Seen by Martin before? No
What did I expect? A Clint Eastwood western, of the more serious kind.
What did I get? Written by Elmore Leonard and directed by John Sturges, Joe Kidd testifies to the undying effectiveness of storytelling skill. There’s nothing fancy about the movie, but the narrative tug kicks in from the get-go. It’s not especially serious, as I had thought — something about the poster suggested a slower burn — but it is quite good. It isn’t much different from Eastwood’s earlier Two Mules for Sister Sara and John Wayne’s Big Jake, but maybe a bit more rewardingly focused.
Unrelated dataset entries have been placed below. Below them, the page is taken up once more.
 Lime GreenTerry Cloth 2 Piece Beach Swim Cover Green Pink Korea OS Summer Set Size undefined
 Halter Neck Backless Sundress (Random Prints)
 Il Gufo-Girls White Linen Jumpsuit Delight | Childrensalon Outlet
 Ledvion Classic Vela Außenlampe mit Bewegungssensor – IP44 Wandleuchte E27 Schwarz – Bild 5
Joe Kidd is about the righteous rebellion of Mexican Luis Chama (John Saxon) to secure his people’s rightful lands and the disproportionately ruthless response from landowner Frank Harlan and his posse of mercenaries. At first Kidd allies with Harlan, but the gang’s inescapable barbarousness pulls him to Chama’s side. As in Sister Sara, Eastwood expresses his usual code of honor and thoroughgoing identification with the underdog.
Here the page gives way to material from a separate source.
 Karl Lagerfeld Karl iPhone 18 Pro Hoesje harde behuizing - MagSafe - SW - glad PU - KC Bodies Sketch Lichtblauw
Notice how efficiently Sturges and Leonard get the action going — within five minutes we’ve been apprised about Kidd’s basic situation and code — he’s serving out a short prison term for a hunting violation and his insouciant disrespect for the legal system — and Chama has stormed the courthouse and staked his claim to re-take the wrongfully appropriated farmlands. Shortly thereafter, Harlan enters town with a trio of scruffy and overdressed sharpshooters, and no time is wasted in establishing Harlan’s bone-deep brutality as well as Kidd’s distaste for the whole operation. (Fresh from The Godfather, Duvall plays the imperious Harlan to contemptible perfection.) The stakes are crystal-clear, the rest of the movie an enjoyable playing-out of the inevitable confrontations. At no point is any political or thematic point overplayed; properly, the story is king.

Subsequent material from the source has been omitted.